I hate to let you guys down now, but this isn't quite a report....yet. The wife and I are going to pull an all nighter tonight at Ft. Pickens. I plan on taking a few dozen shrimp, a couple mullet, and maybe a box of squid to keep my options open. Wish us luck, and we'll keep you posted with pictures of anything worth while.


UPDATE: Well, it took me a couple days to get the update up here. The weather couldnt have been better, and the water was nice and calm. The wife and I had a great time hanging around and talking, but we really didnt get anything worth writing home about. I caught a couple of small black tips, and the wife and i also caught nothing but hard heads. Not really what i was wanting, but still a pretty fun night. We got there at about 12 at night, and left at about 4 in the morning. Doesnt seem like a long time, but we spent the whole day at our friends beach house on pcola beach. And yes everyone, i know. If i would have waited a couple more hours, we could have definitely bagged our limit on spanish. Bummer! we just couldnt hang on anymore.


----------



## PAWGhunter (Feb 3, 2010)

Good luck. It get busy on that pier overnight?


----------



## j.howell (Mar 20, 2011)

PAWGhunter said:


> Good luck. It get busy on that pier overnight?

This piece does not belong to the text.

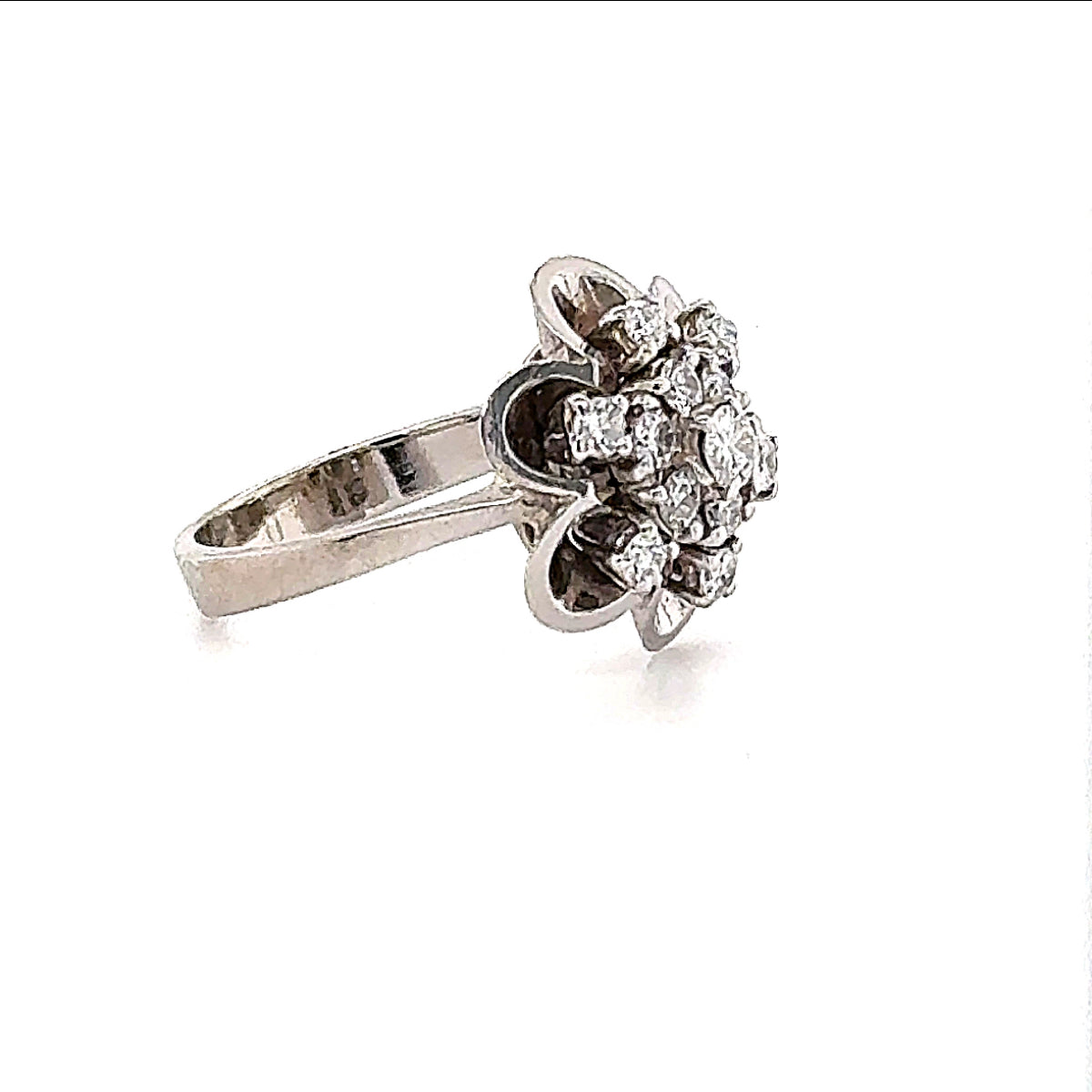 Dekorativer Blumen-Ring in 14 Karat Weißgold mit lebhaften Brillanten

mmm. usually dusk is a little busy, but not everyone has the night owl pass, or just gets tired if nothing is biting. it usually slows down, then early in the morning, people will start to trickle in. I like being there all night because of the lack of people when the fish are still biting.


----------



## Salt4life (Sep 15, 2011)

Staying at fort Pickens campground next week... Looking forward to your report!


----------